▶ [Source material]:
————————
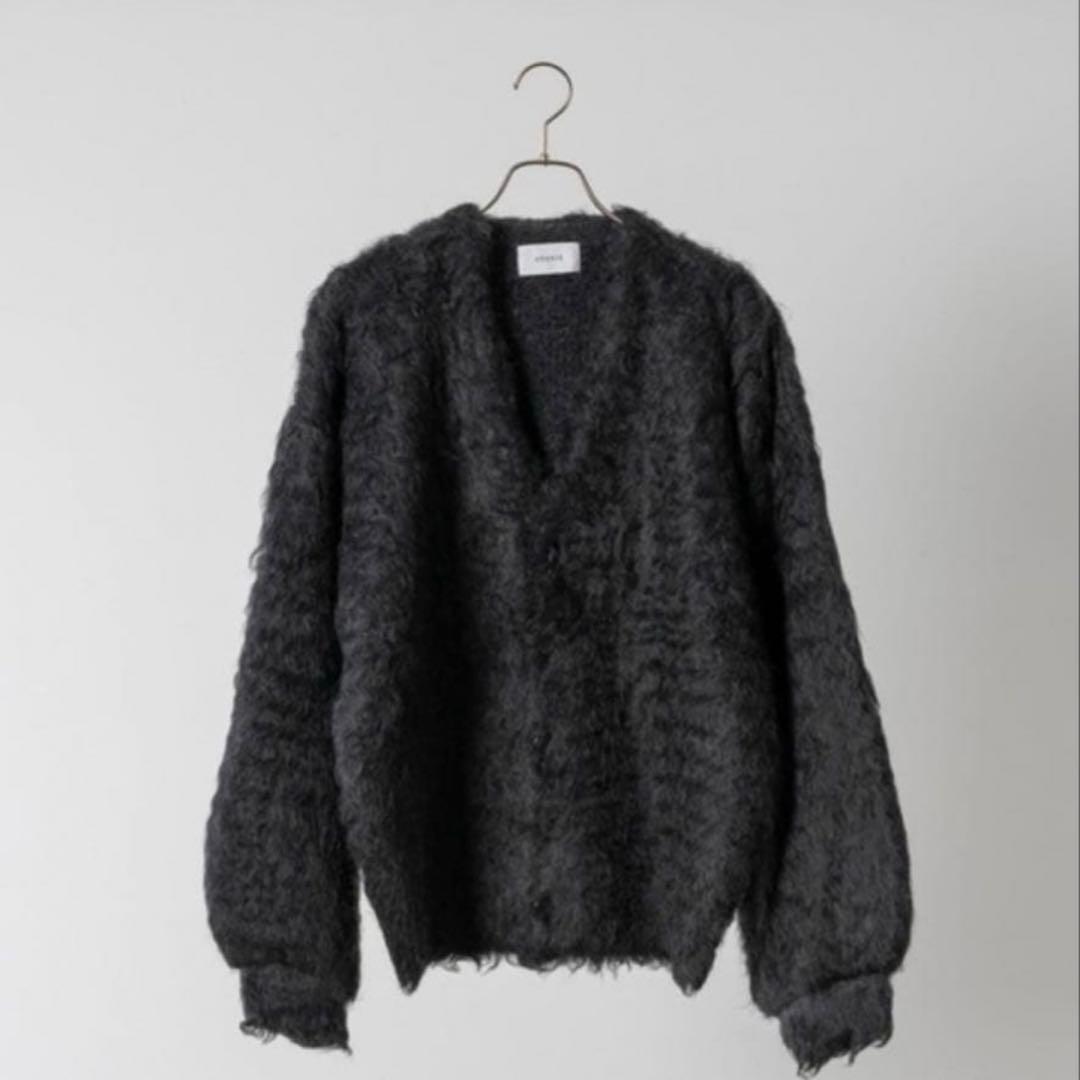 soerte ウールブレンドボリュームシャギーニットカーディガン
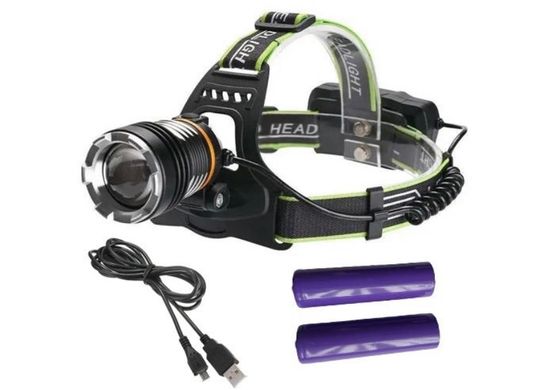 Ліхтар на голову PLD-A7-XPE+UV, zoom, 2x18650, ЗП microUSB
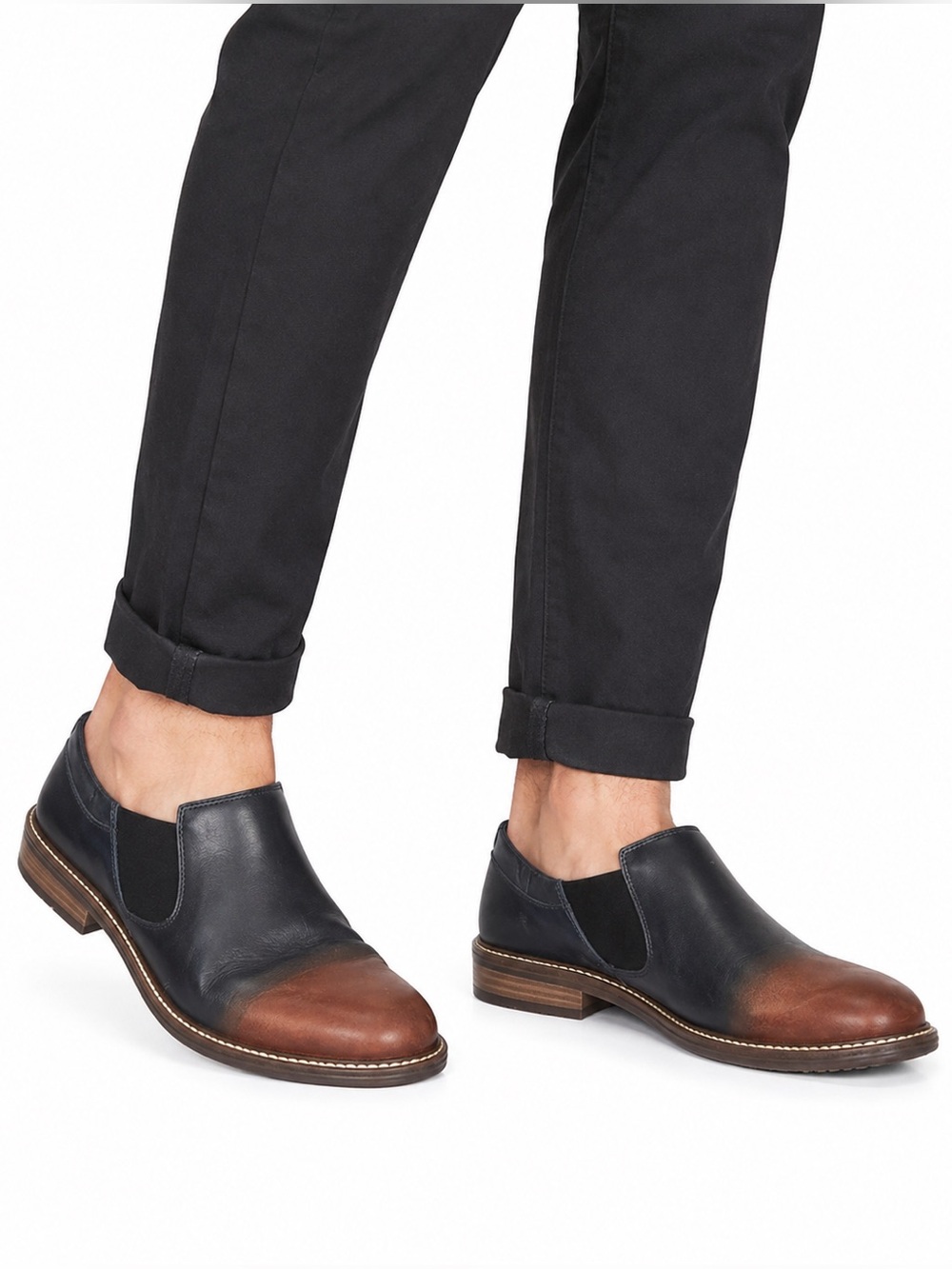 Size 10 Naot Men’s Director Two Tone Leather‎ Slip On Shoes Black Brown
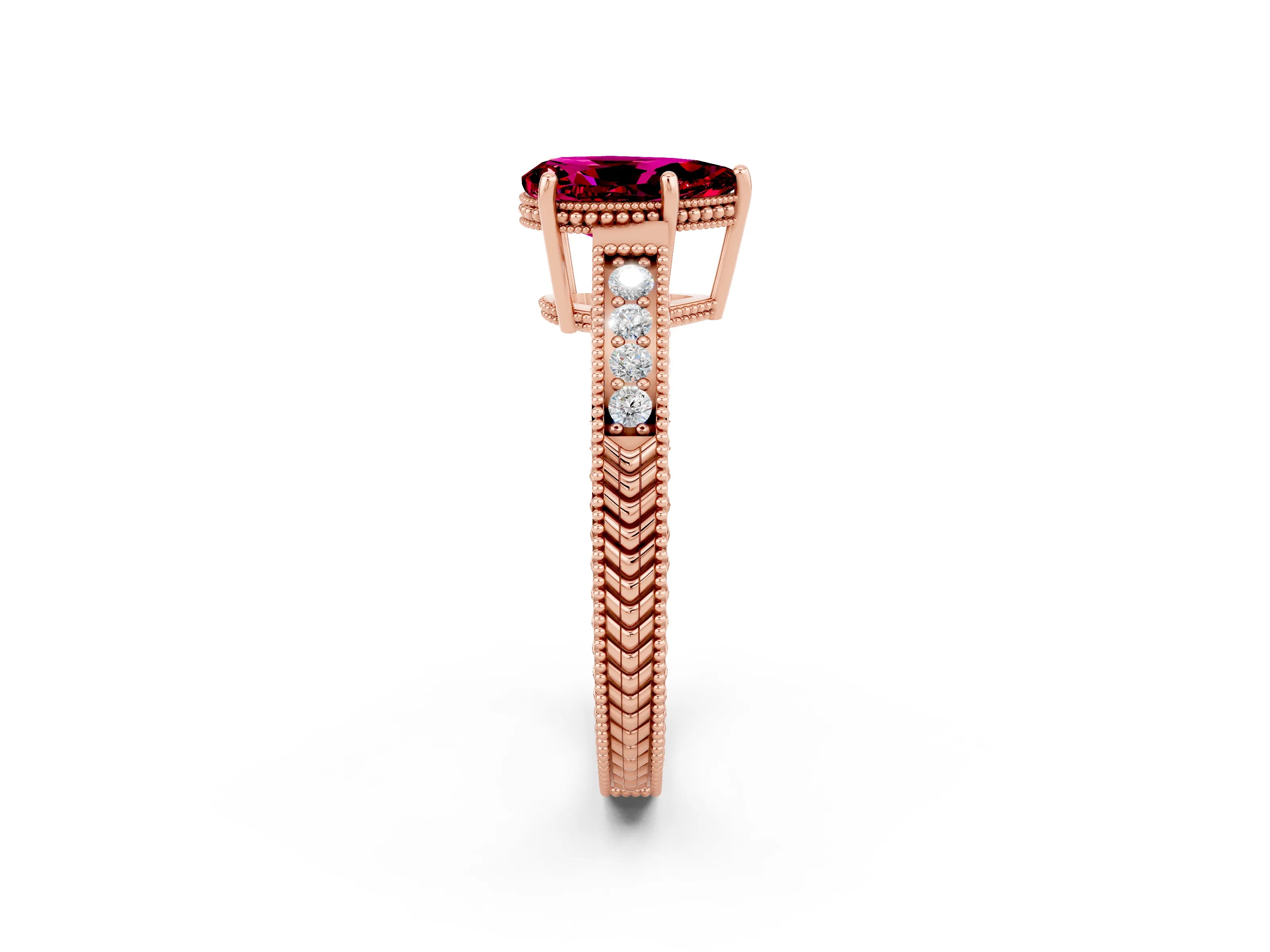 Rose gold Pear Cut Garnet Engagement Ring with Milgrain Channel Set Band and Prong Setting_2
————————
▶ [About this exercise]: Please write out the lines from the one that holds "Ліхтар на голову" through the end of the material, both ends included, exactly and with no pictures.

▶ [Reply to the exercise]:
 Ліхтар на голову PLD-A7-XPE+UV, zoom, 2x18650, ЗП microUSB
 Size 10 Naot Men’s Director Two Tone Leather‎ Slip On Shoes Black Brown
 Rose gold Pear Cut Garnet Engagement Ring with Milgrain Channel Set Band and Prong Setting_2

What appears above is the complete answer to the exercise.